Foreword by Dr Lotay Tshering, Prime Minister, Royal Government of Bhutan
Preface by H.E. Lyonpo Yeshey Penjore, Honourable Minister for Agriculture and Forest, Royal Government of Bhutan
Chapter 1: State of environment in Bhutan
Chapter 2: Drivers and pressure on the state of environment in Bhutan
Chapter 3: Non-violent techniques for human-wildlife conflict resolution
Chapter 4: Animal rights and protection
Chapter 5: Gap analysis of threatened, rare and under-represented species in Bhutan
Chapter 6: Conservation strategy of threatened and under-represented mammalian species
Chapter 7: Conservation of threatened and under-represented species of plants
Chapter 8: Conservation of threatened birds, reptiles, fishes and parasites
Ugyen Tshewang is the first Bhutanese scientist who received his PhD in natural science and ecodynamics affecting livestock and populations at the University of Queensland, Australia. During his long illustrious career in the Royal Government of Bhutan, he was the Secretary of National Environment Commission – the country’s apex institution of the environment sector, founding Director of the National Biodiversity Centre establishing the National Gene Bank, the National Herbarium and Botanic Gardens; and served as the Governor of the country’s eastern-most province, Trashiyangtse. Besides his numerous research publications, he led the task force representing multiple stakeholders to develop the Biodiversity Act and various environmental laws and policies of the country. Dr Tshewang was also the national focal point for Multilateral Environment Agreements dealing with the United Nation Framework Convention on Climate Change (UNFCCC), the Convention on Biological Diversity (CBD), the Basel Convention and the Montreal Protocol.

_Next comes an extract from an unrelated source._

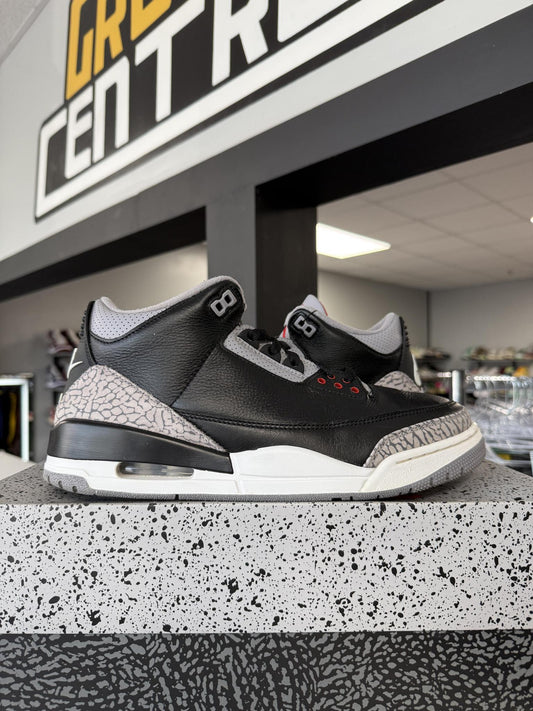 Jordan 3 "Black Cement" Used Size 10.5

Michael Charles Tobias is a global ecologist, anthropologist, historian, explorer, author and filmmaker. He obtained his PhD in the Department of History of Consciousness from the University of California-Santa Cruz and has conducted field research in nearly 100 countries.. Tobias is the author of more than 45 books (both fiction and non-fiction, as well as several edited anthologies). In addition to his numerous books and published research papers, he has written, directed, produced, executive produced or co-executive produced well over 100 films – TV series, documentaries and dramas, most pertaining to environmental, cultural, social or scientific issues. A former Professor at Dartmouth, the University of California-Santa Barbara, the University of New Mexico-Albuquerque and elsewhere. In 1996, Dr Tobias received the "Courage of Conscience Award" for his commitment to nature and non-violence. In 2004 he was the recipient of the Parabola Focus Award for his long-standing body of work aimed at creating a better world. Dr Tobias is the long-time President of the Dancing Star Foundation.
Jane Gray Morrison is an ecologist whose work has taken her to over 30 countries. As a filmmaker, Ms. Morrison has produced numerous films for such networks as Discovery, PBS (where she also co-directed A Day in the Life of Ireland for Irish Television and WNET/New York), Hotspots and Turner Broadcasting for which she served as Senior Producer for Voice of the Planet, a 10-hour dramatic series based upon the history of life on Earth. Her books include Sanctuary: Global Oases of Innocence; Donkey: The Mystique of Equus asinus; God’s Country: The New Zealand Factor; and No Vacancy. She has co-written five books published by Springer. Since 1999, Jane Morrison has served as the Executive Vice President of Dancing Star Foundation a non-profit organization that focuses on the interdisciplinary humanities and social justice movements as they concern humankind's relationship to the natural world.